What if you change jobs?

As a member of an ESSSuper Defined Benefit fund (ESSSDB), changing jobs has various implications for your super. If you change roles, but remain with your current employer, your ESSSDB fund will continue to grow based on your contribution rate.

If you change employers and move to a different industry, you can no longer contribute to the ESSSDB fund. On leaving, you’ll be entitled to a benefit subject to the fund rules. However, members are able to leave their super with ESSSuper by opening an ESSSuper Accumulation Plan account, which can accept super guarantee contributions from your new employer.

Tying the knot

If you marry or enter a de facto relationship, it’s good to share information about each other’s super arrangements, such as whether you both hold life or income protection insurance through your super.1 You may also want to review and update your ‘beneficiaries’, to reflect the priorities of your new relationship. Member’s spouses also have access to the ESSSuper Accumulation Plan. Depending on your partner’s income, you may be able to make spouse contributions to their super account or use contribution splitting to split some pre-tax contributions with your partner.

Children change everything

If you take parental leave under a ESSSDB fund, it’s regarded as ‘normal service’, and your super benefit will continue to accrue at your chosen contribution rate. This ensures you’re not disadvantaged by caring for a young family. As the kids grow, regularly review your insurance, so it continues to reflect your and their needs. If you take a longer career break, or decide to work part-time, your super will slow considerably.
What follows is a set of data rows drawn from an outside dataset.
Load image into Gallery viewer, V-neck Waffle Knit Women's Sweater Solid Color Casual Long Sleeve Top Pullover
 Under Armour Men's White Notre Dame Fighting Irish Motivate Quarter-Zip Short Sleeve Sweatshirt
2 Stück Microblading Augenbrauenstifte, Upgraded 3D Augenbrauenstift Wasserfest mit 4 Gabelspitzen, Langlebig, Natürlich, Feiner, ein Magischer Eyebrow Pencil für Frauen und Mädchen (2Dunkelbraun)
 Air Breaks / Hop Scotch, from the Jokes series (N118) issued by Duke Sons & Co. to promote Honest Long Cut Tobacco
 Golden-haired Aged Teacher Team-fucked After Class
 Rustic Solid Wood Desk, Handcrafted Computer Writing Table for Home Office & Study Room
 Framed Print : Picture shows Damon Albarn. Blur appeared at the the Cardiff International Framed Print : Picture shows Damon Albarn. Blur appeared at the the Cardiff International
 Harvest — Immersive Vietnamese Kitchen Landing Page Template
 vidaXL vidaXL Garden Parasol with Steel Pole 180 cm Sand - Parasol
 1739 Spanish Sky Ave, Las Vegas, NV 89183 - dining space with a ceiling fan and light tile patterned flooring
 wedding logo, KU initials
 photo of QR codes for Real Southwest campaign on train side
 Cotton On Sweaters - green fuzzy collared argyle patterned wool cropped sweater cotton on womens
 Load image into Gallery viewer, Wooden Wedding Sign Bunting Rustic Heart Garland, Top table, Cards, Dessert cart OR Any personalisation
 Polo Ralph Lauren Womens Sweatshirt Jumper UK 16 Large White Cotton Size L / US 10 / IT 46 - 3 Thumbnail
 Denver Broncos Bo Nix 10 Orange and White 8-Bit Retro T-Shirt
Check if you are able to take advantage of the government co-contribution scheme, which can help to keep your super growing during these times.

Relationship breakdowns

In emotionally turbulent times, it’s important to do a financial stock take of your situation. Check your will, your life insurance and super. The law says that super benefits can be divided between parties when relationships breakdown. So it’s a good idea to talk with an ESSSuper Member Education Consultant about your situation, as well as your legal adviser.1 If you want to change who receives your super benefit if something were to happen to you, you can update the beneficiaries you have previously nominated.

We’re here to help

Staying informed about your super and making sure it continues to match your changing circumstances can play a major role in securing your financial future. If you have any questions, talk with one of our Member Education Consultants who are the experts in your fund. If you want advice specific to your personal financial situation, they can also refer you to one of our Financial Advisers2.

1. Marriage and divorce, Super Guru ASFA, FYA.org.
2. ESSSuper Financial Advisers are authorised representatives of Adviser Network Pty Ltd (Adviser Network). Adviser Network holds a current Australian Financial Services Licence No. 232729 and is responsible for the financial services provided to you. ESSSuper has an arrangement with Adviser Network Pty Ltd to provide financial advice to ESSSuper members. ESSSuper pays Adviser Network a fee for this service. Neither the Board, nor the Victorian Government, guarantee or endorse any recommendations made by Adviser Network, or are responsible for the advice and actions of Adviser Network

The information contained in this article is of a general nature only. It should not be considered as a substitute for reading ESSSuper’s Product Disclosure Statement (PDS) that contains detailed information about ESSSuper products, services and features. Before making a decision about an ESSSuper product, you should consider the appropriateness of the product to your personal objectives, financial situation and needs. It may also be beneficial to seek professional advice from a licensed financial planner or adviser. An ESSSuper PDS is available on our website or by calling 1300 650 161.